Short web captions
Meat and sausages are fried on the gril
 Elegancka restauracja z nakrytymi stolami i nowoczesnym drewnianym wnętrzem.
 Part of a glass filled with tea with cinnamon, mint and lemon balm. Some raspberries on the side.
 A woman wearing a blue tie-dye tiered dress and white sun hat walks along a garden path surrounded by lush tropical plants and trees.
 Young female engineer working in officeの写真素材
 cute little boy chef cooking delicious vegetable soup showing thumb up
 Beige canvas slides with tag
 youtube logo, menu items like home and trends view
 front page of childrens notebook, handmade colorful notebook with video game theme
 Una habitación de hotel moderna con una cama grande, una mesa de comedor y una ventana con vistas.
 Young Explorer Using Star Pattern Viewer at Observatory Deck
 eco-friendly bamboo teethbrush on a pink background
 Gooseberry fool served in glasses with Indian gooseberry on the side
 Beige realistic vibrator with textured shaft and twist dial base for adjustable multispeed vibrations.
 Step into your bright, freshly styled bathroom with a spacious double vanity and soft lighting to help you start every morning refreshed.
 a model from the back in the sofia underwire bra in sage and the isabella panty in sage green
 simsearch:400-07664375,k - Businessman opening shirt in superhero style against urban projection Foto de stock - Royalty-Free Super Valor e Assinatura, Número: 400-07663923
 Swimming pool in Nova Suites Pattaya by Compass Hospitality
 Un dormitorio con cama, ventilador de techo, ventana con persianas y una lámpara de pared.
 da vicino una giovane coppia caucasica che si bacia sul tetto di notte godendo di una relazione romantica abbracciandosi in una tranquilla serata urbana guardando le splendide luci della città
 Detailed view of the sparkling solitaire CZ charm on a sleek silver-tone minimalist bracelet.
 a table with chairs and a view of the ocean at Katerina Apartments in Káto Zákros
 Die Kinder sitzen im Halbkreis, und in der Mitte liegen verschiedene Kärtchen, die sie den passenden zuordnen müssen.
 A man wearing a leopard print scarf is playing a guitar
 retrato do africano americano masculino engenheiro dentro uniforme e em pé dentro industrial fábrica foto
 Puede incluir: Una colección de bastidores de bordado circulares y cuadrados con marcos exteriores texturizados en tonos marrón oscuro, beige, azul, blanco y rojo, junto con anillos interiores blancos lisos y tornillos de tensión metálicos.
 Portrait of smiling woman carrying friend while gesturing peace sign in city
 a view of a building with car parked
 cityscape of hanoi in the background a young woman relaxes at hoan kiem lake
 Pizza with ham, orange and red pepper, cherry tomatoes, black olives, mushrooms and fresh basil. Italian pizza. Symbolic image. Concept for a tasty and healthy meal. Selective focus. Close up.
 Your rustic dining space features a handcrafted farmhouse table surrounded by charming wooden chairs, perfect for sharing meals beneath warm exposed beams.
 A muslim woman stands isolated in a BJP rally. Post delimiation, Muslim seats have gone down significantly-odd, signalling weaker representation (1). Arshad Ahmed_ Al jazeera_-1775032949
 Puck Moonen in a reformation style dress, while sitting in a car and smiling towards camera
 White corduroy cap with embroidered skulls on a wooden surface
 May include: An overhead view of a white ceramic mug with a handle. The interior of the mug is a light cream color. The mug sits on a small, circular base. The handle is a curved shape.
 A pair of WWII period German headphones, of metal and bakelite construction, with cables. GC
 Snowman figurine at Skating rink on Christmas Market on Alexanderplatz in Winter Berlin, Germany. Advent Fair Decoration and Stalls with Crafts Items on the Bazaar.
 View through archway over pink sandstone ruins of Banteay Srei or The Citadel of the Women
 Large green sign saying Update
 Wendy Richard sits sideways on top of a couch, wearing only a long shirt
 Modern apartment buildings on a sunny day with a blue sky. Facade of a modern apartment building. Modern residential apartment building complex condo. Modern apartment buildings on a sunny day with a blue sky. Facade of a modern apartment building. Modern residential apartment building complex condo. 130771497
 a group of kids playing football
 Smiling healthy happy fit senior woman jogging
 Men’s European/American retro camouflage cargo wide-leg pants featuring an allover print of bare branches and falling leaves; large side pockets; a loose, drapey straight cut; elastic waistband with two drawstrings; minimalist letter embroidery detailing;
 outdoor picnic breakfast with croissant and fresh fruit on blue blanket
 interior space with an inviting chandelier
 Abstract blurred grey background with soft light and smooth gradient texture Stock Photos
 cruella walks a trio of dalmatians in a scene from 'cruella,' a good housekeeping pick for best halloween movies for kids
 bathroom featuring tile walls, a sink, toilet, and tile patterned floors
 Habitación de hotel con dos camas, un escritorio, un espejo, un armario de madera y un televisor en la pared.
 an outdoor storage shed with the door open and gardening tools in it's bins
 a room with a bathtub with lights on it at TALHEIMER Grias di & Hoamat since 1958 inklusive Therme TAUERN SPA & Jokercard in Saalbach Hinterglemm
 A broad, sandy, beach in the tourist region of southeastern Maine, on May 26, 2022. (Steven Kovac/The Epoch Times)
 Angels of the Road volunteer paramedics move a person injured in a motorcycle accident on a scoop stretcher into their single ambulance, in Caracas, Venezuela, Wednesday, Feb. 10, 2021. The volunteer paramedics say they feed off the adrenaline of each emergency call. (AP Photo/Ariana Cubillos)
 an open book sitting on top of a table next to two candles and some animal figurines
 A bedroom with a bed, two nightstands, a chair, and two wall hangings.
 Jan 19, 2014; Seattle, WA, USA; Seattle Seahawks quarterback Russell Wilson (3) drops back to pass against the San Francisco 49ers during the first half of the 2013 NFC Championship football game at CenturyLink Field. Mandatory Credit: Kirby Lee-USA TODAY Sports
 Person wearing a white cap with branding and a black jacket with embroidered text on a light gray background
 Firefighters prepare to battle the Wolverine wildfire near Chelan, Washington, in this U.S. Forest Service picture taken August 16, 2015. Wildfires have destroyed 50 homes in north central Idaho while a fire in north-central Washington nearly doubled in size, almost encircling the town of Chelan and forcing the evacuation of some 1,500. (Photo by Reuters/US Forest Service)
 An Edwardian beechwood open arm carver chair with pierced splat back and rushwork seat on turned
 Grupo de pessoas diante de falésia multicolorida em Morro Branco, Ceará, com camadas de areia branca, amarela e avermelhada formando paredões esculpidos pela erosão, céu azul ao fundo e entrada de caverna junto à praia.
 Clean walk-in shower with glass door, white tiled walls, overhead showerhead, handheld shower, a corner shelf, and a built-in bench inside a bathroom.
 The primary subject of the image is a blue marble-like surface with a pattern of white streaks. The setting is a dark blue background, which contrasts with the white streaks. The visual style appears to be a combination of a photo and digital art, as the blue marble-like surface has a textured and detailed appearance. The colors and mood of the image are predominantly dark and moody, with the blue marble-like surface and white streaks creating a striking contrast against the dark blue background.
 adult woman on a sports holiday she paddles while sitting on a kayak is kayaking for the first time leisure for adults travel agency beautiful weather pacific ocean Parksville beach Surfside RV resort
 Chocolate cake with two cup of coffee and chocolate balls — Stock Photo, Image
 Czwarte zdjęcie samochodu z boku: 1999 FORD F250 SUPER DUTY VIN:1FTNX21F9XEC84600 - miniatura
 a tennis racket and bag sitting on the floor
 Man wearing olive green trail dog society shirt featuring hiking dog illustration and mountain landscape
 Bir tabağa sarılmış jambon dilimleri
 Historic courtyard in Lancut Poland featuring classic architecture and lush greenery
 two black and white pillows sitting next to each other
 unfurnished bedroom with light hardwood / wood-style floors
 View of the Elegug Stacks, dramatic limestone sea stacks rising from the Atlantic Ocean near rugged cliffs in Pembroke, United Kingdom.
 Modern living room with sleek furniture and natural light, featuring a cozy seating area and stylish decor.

What you need to do
From the records above, show each line that contains the word "wooden".

Answer below
 Your rustic dining space features a handcrafted farmhouse table surrounded by charming wooden chairs, perfect for sharing meals beneath warm exposed beams.
 White corduroy cap with embroidered skulls on a wooden surface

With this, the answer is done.